Instructions for the task:
A faithful, word-for-word copy of the data below is required, without pictures.

[Opening Information supplied section]

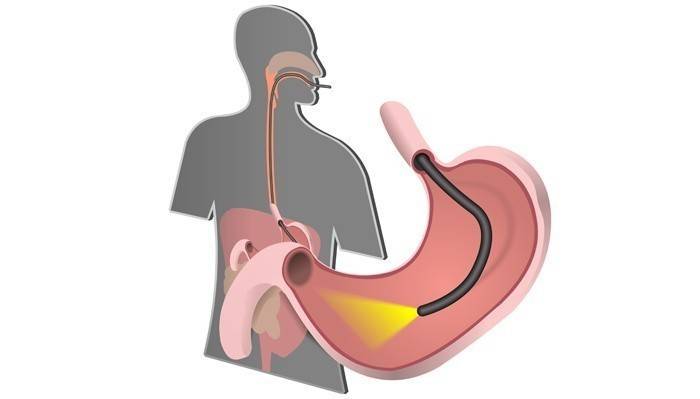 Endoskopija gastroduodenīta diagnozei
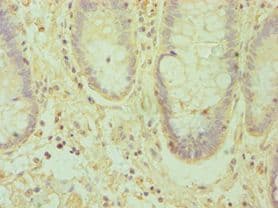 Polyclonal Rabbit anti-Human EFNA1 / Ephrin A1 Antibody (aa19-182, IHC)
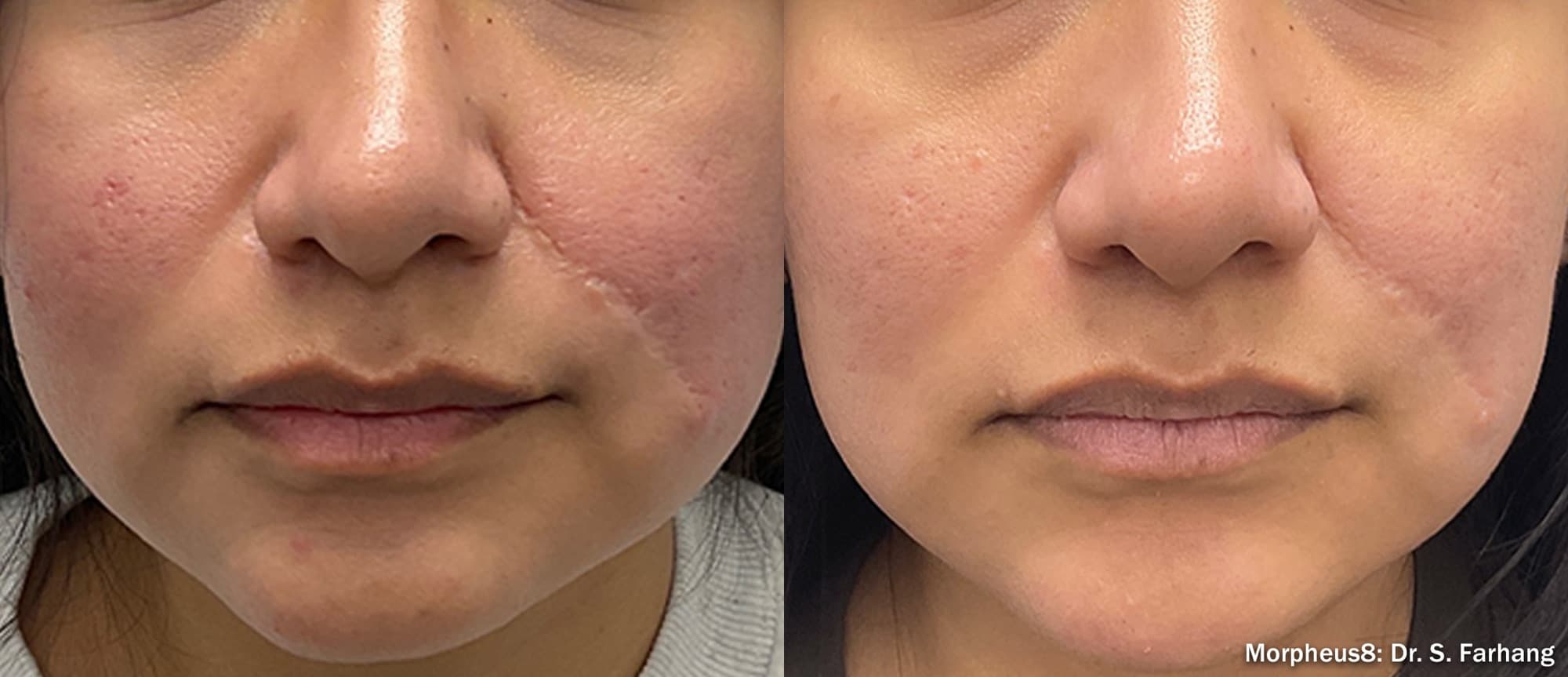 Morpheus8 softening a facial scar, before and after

[Closing Information supplied section]

Answer for the task:
 Endoskopija gastroduodenīta diagnozei
 Polyclonal Rabbit anti-Human EFNA1 / Ephrin A1 Antibody (aa19-182, IHC)
 Morpheus8 softening a facial scar, before and after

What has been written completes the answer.